_What is expected_. Where the line containing "original abstract pen line" appears, start repeating, and continue exactly through the last line below, adding nothing. Include no pictures.

(Short web captions)
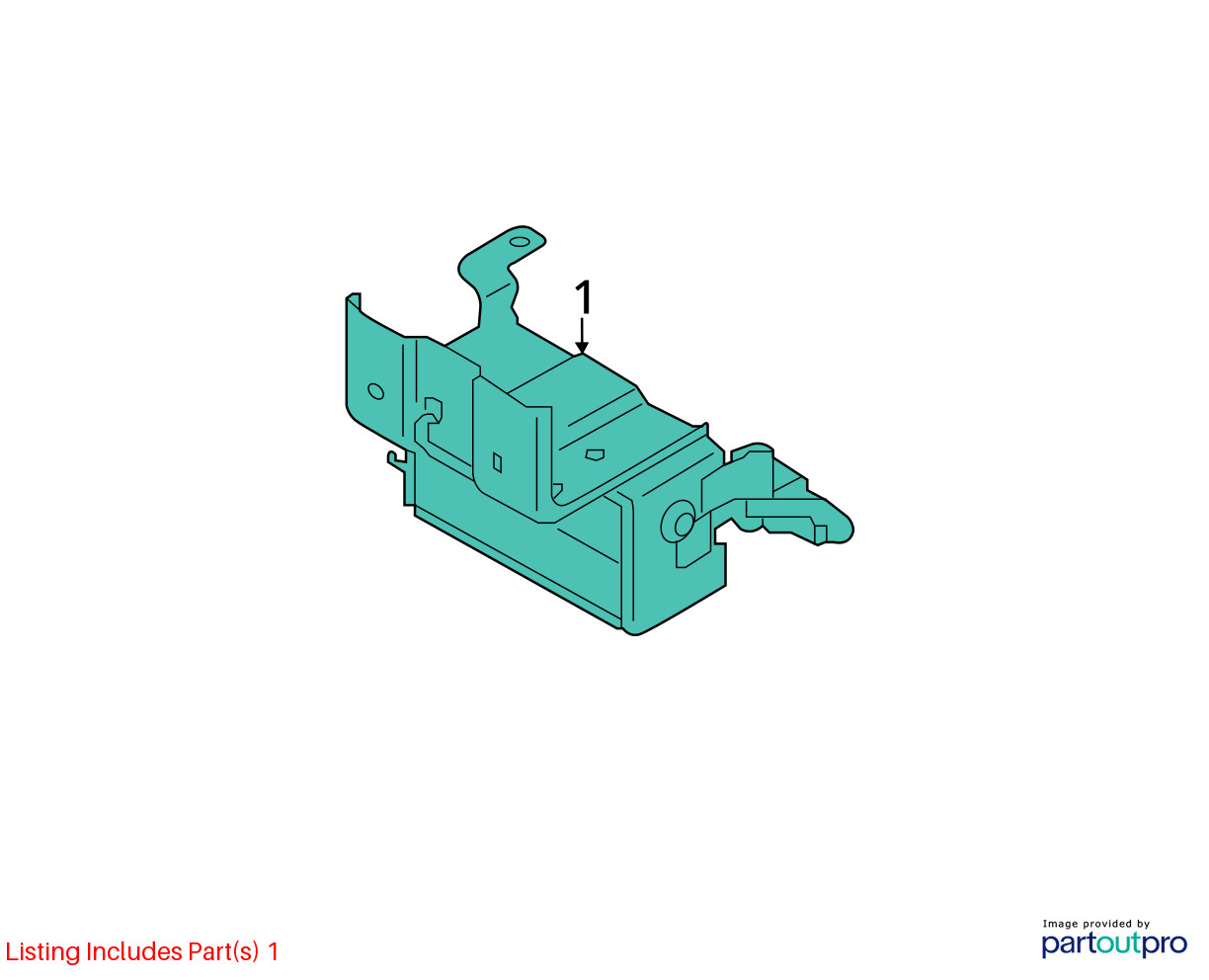 2014 Infiniti QX80 OEM 284371LA0C Front Radar Cruise Module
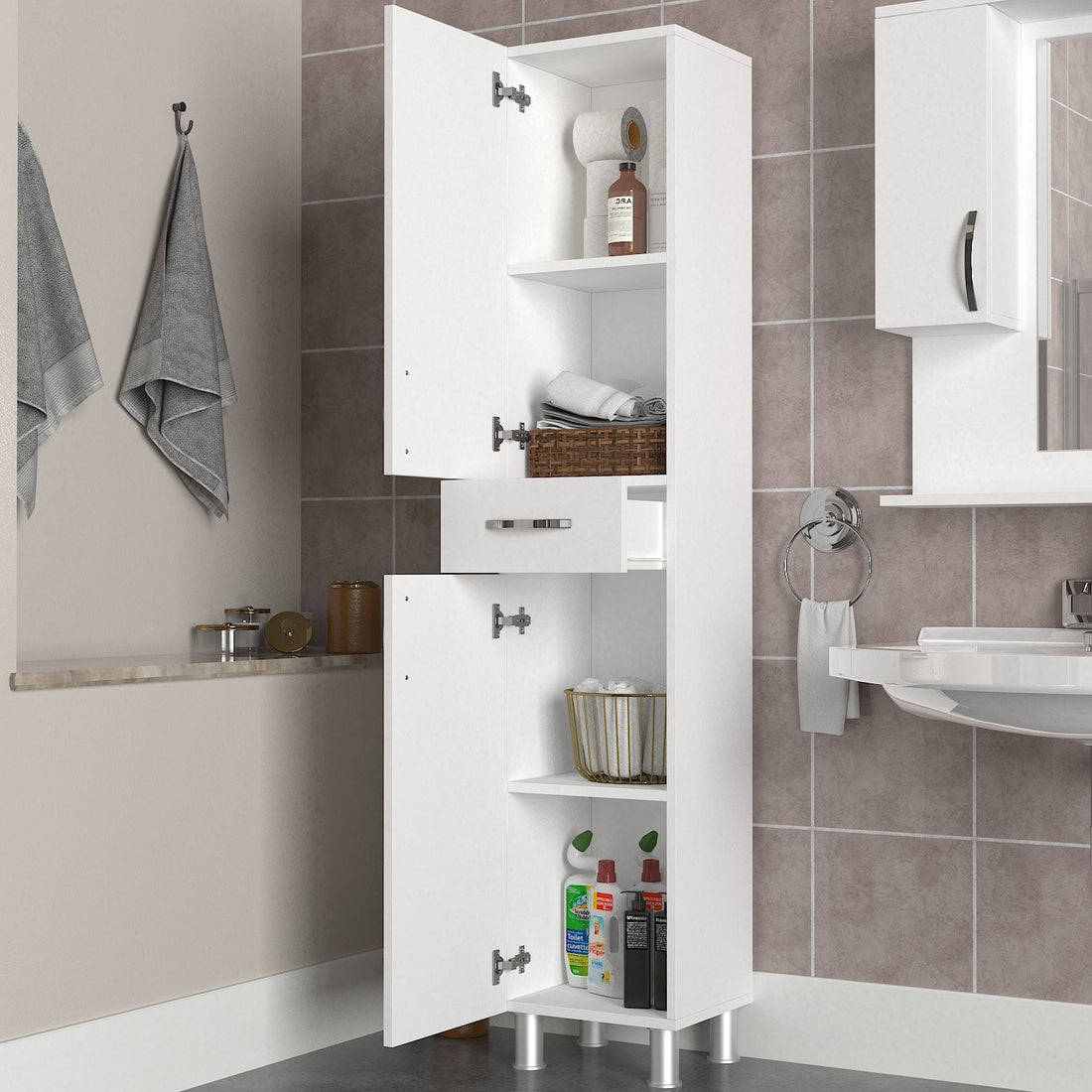 Armoire de toilette Selin - White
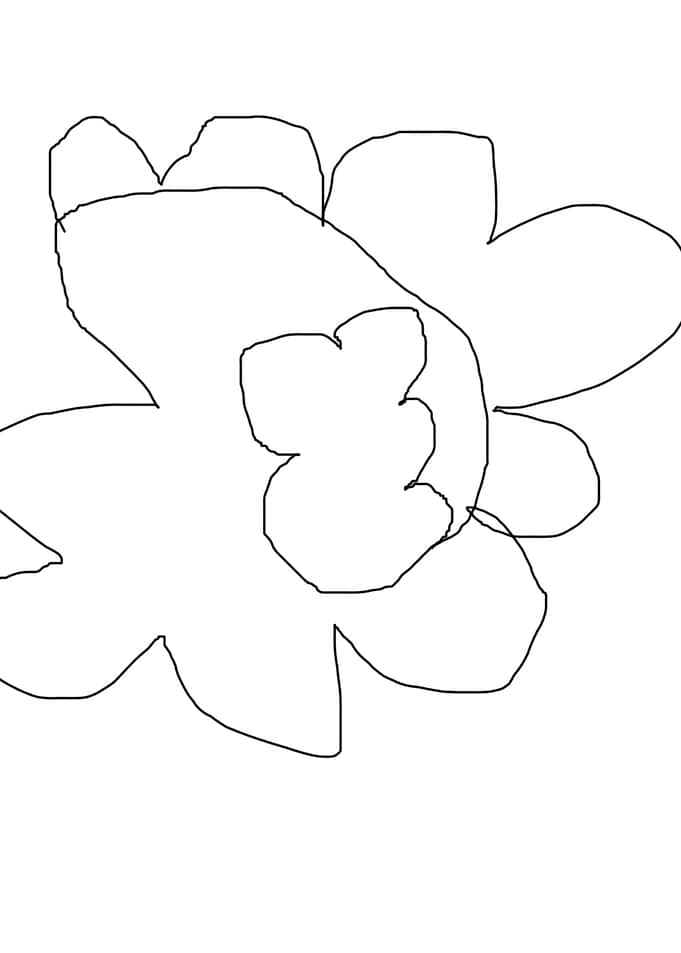 original abstract pen line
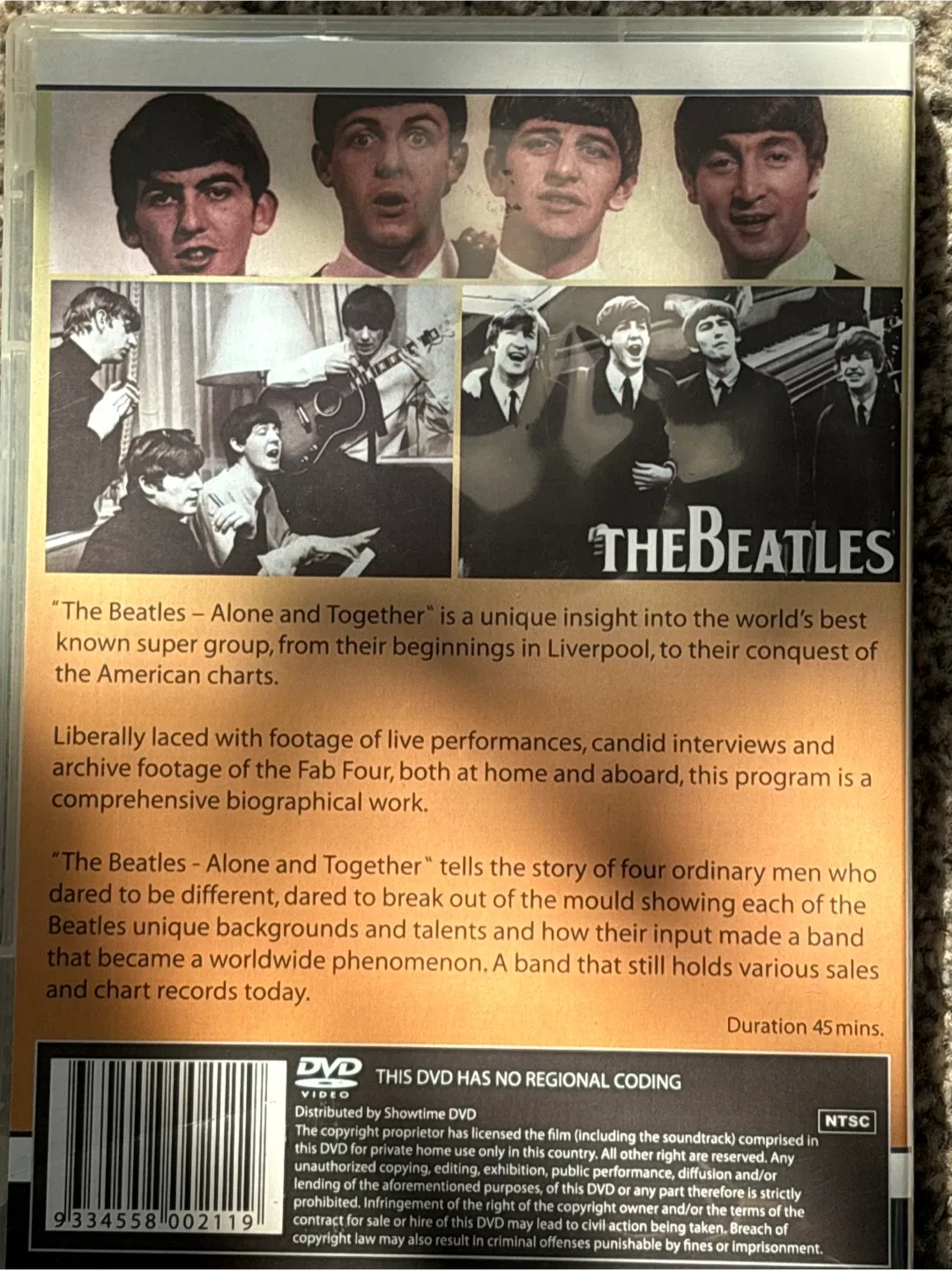 The Beatles - Alone and Together DVD image indicator(2)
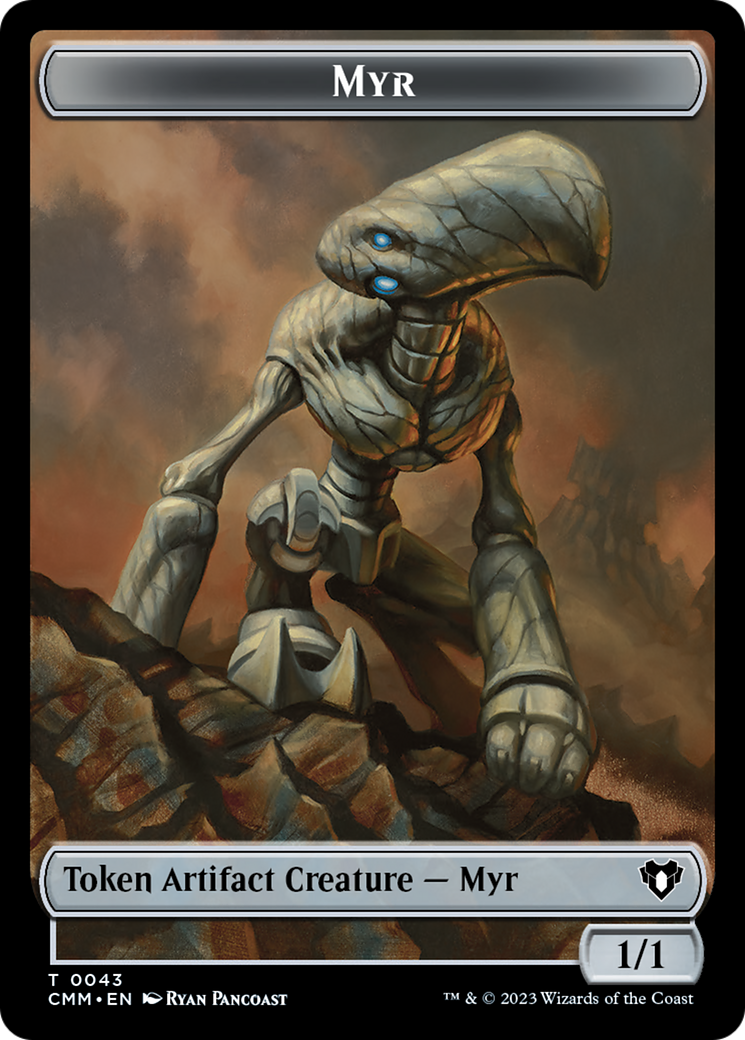 Myr Token [Commander Masters Tokens] | GnG Games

_Solution_.
 original abstract pen line
 The Beatles - Alone and Together DVD image indicator(2)
 Myr Token [Commander Masters Tokens] | GnG Games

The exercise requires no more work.